For a while I have wanted to take on work as a contractor&#x2F;consultant but I do not know where to start. I do not even know how people find jobs to be bid on. Elance&#x2F;Odesk seem to be overrun with cheap labor or impossible requirements for the allowed pay rate. Any other contractors out there care to share how they got started?
======
davismwfl
I have been consulting either freelance or through owning my own firm now
since roughly 1999.

Networking is the primary way to find and win work. Elance/Odesk and the sorts
are worse than useless for a US based person as they are all a race to the
bottom. Also, you will find that the clients that pay you the least are the
biggest pain.

Everything you can do to build yourself up in the community helps. Writing a
blog, putting yourself out there, contributing to open source projects etc all
count a lot. But nothing beats talking to people and winning their trust
because then they will turn to you and give you a shot on a project. If you
can make yourself a niche where people seek you out for knowledge over some
specific in demand tech that is awesome. But that usually takes more time then
getting out and meeting people to get work. So you should do both, but just
recognize one has quicker payoffs than the other, usually.

When you are starting out stay away from RFP's, the process and overhead to
properly answer RFP's takes more than you can afford when starting. A lesson I
learned the hard way early in my consulting.

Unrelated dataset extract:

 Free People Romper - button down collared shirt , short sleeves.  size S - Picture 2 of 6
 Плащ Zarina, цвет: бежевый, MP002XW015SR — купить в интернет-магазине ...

Also, find a consulting firm that needs some additional help and contract to
them a few times on their client projects. A lot of times this is a way to
broaden your network and your skills to find your own work. Plus you can see
how they are doing things and then take what's good and replicate or improve
on it.

------
codegeek
1\. Build something relevant on your own time.

2\. Share that something on your website/blog etc

3\. Write about your work, what you are doing, how you are doing it etc.

4\. Go to local meetups, find people in businesses who have problems and try
to offer them to solve it for them. Do this offline in person if possible.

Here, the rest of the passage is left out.